BTF had four organizational components to it: the national leadership, the network of Masjids, its secretariat and its Chicago team. The national leadership established the legitimacy of the task force. It made basic decisions through conference calls without ever meeting face to face. However, these were 1,600 Masjids that provided the main point of communication and mobilization for BTF. There developed a small band of volunteers in Chicago who developed strategies and action plans.
In the first six months of the Task Force’s existence, its offices were located at ISNA’s headquarters in Indiana. Later, with their consent and on the insistence of the Muslim leadership in Chicago, which originally helped formed the coalition, the secretariat was set up. It consisted of a small desk, a computer, a fax machine and two phones in the basement office of Sound Vision in downtown Chicago. It was essentially the sprit of Muslim unity for the cause of Bosnia, which brought all Muslims to work together.
We developed a system of quickly informing the community throughout the US when action was needed. These were the days when emails were still limited in usage and the web was not yet available to the average person.

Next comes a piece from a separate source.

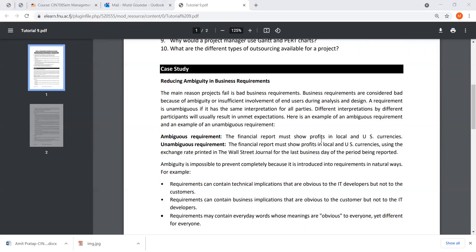Different interpretations by different parties will usually result in unmet expectations. When we talk about different parties, we mean the different types of stakeholders — all individuals that hold a stake or interest in your business. For example, in a website development company, stakeholders would include the website designer, the builder, the users, and the organization or customer who hires the company. If each party interprets requirements differently, the expectation that the client expects is not met, and the entire project fails.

Fax and phone networks therefore were the primary means of communication. Volunteers throughout the country would use them to send out copies of the weekly action alerts entitled, “Bosnia Update,” which would be distributed in their Masjids.
It would be wrong to claim much credit for Bosnia Task Force, USA since the work to stop genocide in Bosnia became a true grassroots movement in the Muslim community. Many people sacrificed their time and jobs to work tirelessly to stop genocide in Bosnia.
The work of the Bosnia Task Forces, USA came to a halt as the Dayton Accord was signed. Most Muslims and people of other faiths, like the Bosnians, believed that it was not just. However, the agreement did stop genocide at that time which was the main goal of BTF.